[Dataset section]:
──────────────────────────────

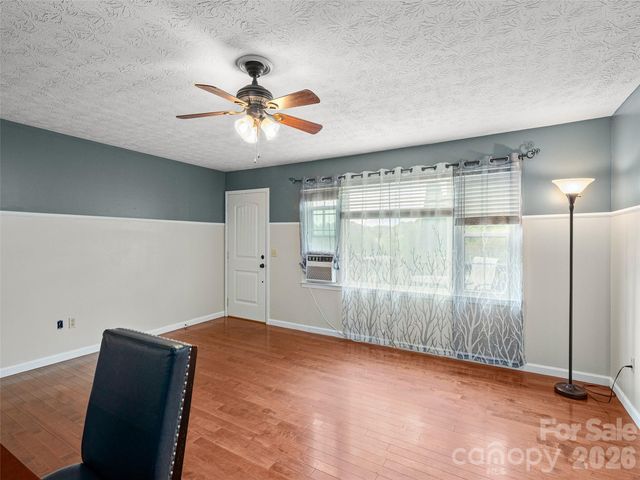 84 Candlelight Circle, Clyde, NC 28721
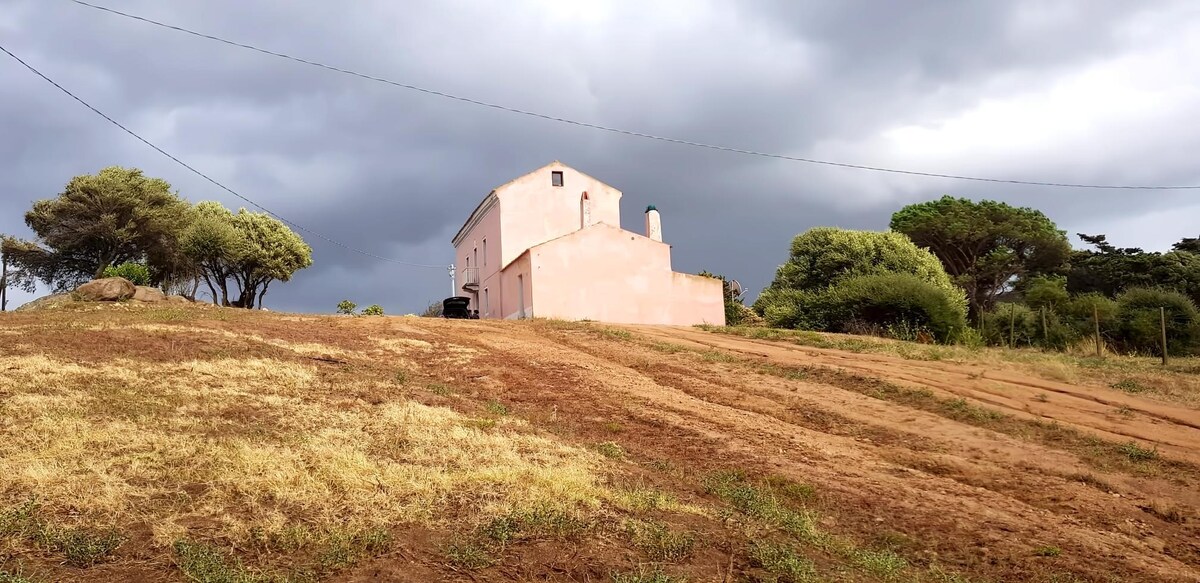 Erfolgreiche Airbnb-Immobilie: casa di campagna Stazzu Lu Palazzu in Aglientu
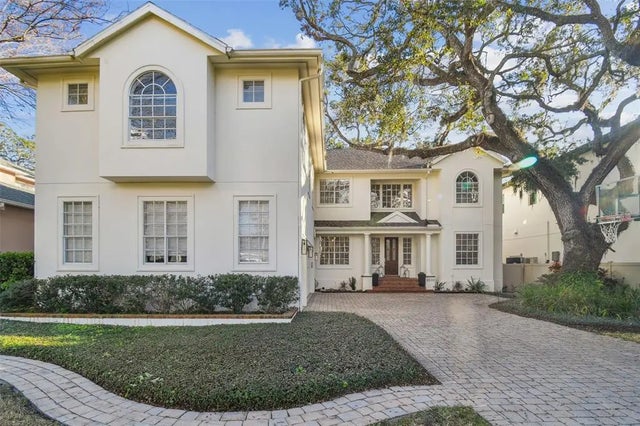 4610 W Browning Avenue, TAMPA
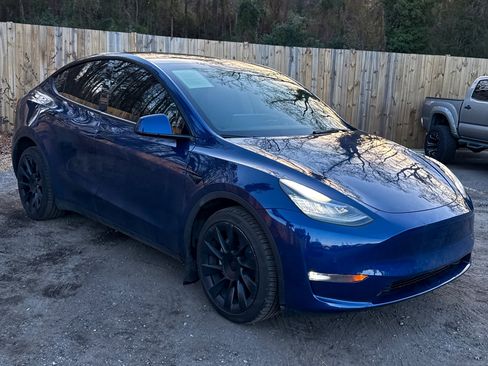 Used 2022 Tesla Model Y Long Range image 21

──────────────────────────────

An exact, word-for-word version of the material is required, free of pictures.

[Task solution]:
 84 Candlelight Circle, Clyde, NC 28721
 Erfolgreiche Airbnb-Immobilie: casa di campagna Stazzu Lu Palazzu in Aglientu
 4610 W Browning Avenue, TAMPA
 Used 2022 Tesla Model Y Long Range image 21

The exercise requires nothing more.